Als Ergebnis von 12 Jahren und 4 Monaten Nationalsozialismus in Deutschland mußten Millionen Menschen
dafür sterben, das Land wurde ins Mittelalter zurückgeworfen und von den Alliierten in vier Teile
aufgeteilt. Der Westen mit dem Saarland fiel an Frankreich, der Norden an England, der Osten an die Sowjets
und der Rest an die USA.
In den ersten Jahren gab es verständlicher Weise weder Rundfunk noch Fernsehen, die Menschen versuchten
einfach zu überleben. Die Lebensmittel waren rationiert, es gab sie nur auf Lebensmittelmarken und das beliebteste
Zahlungsmittel waren Zigaretten (besonders bekannt Pall Mall und Lucky Strike). Der Schwarzmarkt blühte, die
Städter fuhren aufs Land um Lebensmittel einzutauschen und einige Bauern aßen nun mit silbernem Besteck, das sie
für einige Kilogramm Kartoffeln und ein paar Eier eingetauscht hatten.
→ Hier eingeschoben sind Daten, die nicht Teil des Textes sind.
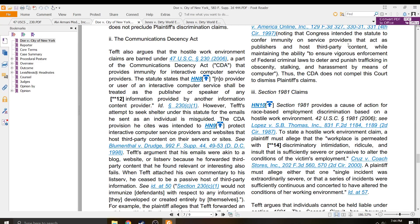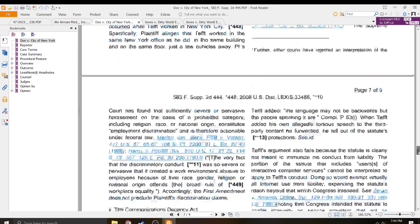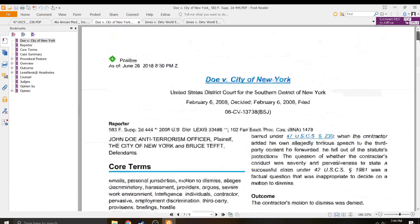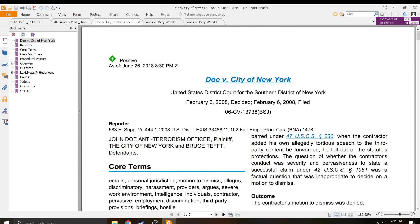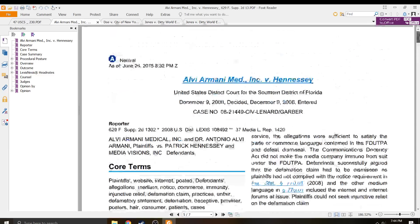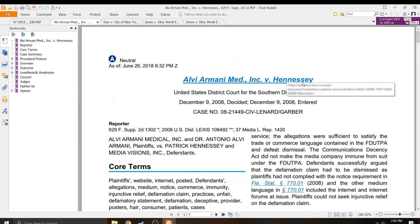Dovey v. City of New York wasn't the best one, but it was a thing. And then the Armani Medical Center, Alvia Armani Medical Center. That was a good one.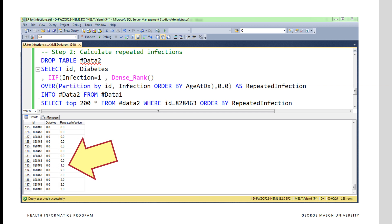The data looks like this. We are looking at the case for patient ID 828-463. We start with lots of zeros, and then towards the end we see that the patient has one repeated infection, then several twos because those are occurring in the same hospitalization, and then a three. So this patient has had three repeated infections.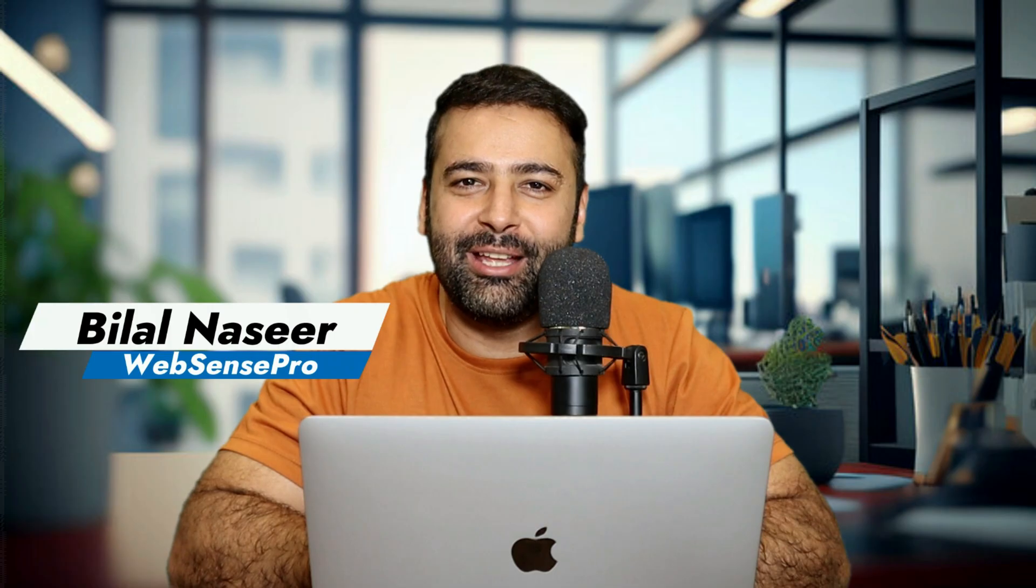Hello Shopify store owners, hope you guys are doing great and selling a lot of stuff via your Shopify stores. Once again, welcome back to another video where I'm going to show you how you can upload bulk product images via Shopify.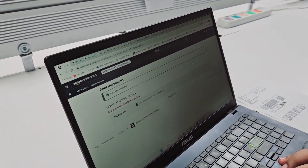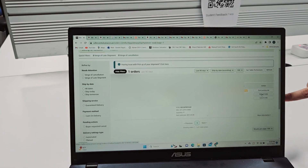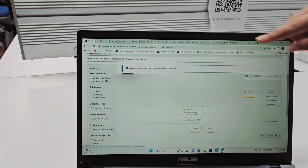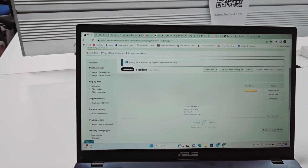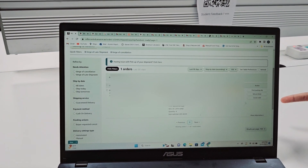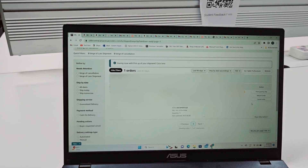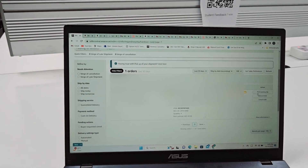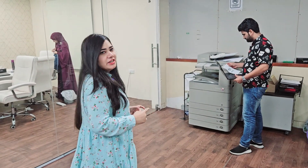You can see that the order has come. One order has come. The next step is the printer. We will start from the printer. We are going to the printer.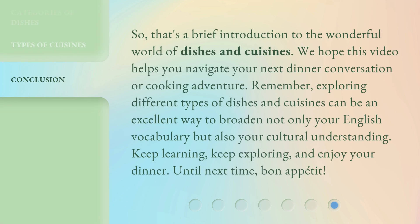So, that's a brief introduction to the wonderful world of dishes and cuisines. We hope this video helps you navigate your next dinner conversation or cooking adventure. Remember, exploring different types of dishes and cuisines can be an excellent way to broaden not only your English vocabulary but also your cultural understanding. Keep learning, keep exploring, and enjoy your dinner. Until next time, Bon Appétit!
B68.JPG (Größe: 193,28 KB / Downloads: 389)
Lebensmittelmarken 1950
Es gab aber auch Gewinner in dieser kargen Zeit. Fabrikanten, die Materialbestände vor der Beschlagnahmung
gerettet und verborgen hatten, waren plötzlich reicher als vorher und konnten damit neu starten. Das gehortete
Material war wegen dem allgemeinen Mangel um ein vielfaches wertvoller geworden. Davon aber später mehr.
Nach wie vor war den Deutschen jede Sendetätigkeit verboten. Aber die Besatzer wussten natürlich von der
Macht und den Möglichkeiten von Rundfunk und Fernsehen und wurden sehr schnell aktiv.
Bereits ab Mai 1945 (in diesem Monat ging der Krieg zu Ende) errichteten die Amerikaner in München, Frankfurt a.M.,
Stuttgart und Bremen dezentrale Sendeanlagen. Die Engländer errichteten im September eine Sendeanstalt in Hamburg,
die Sowjets eröffneten am 13. Mai 1945 den Berliner Rundfunk und die Franzosen im März 1946 eine Sendeanstalt in
Baden Baden.
Dazu kamen natürlich noch der weltweit verbreitete und sehr beliebte amerikanische Soldatensender "American Forces
Network" (AFN) und der englische Soldatensender "British Forces Broadcasting Service" (BFBS).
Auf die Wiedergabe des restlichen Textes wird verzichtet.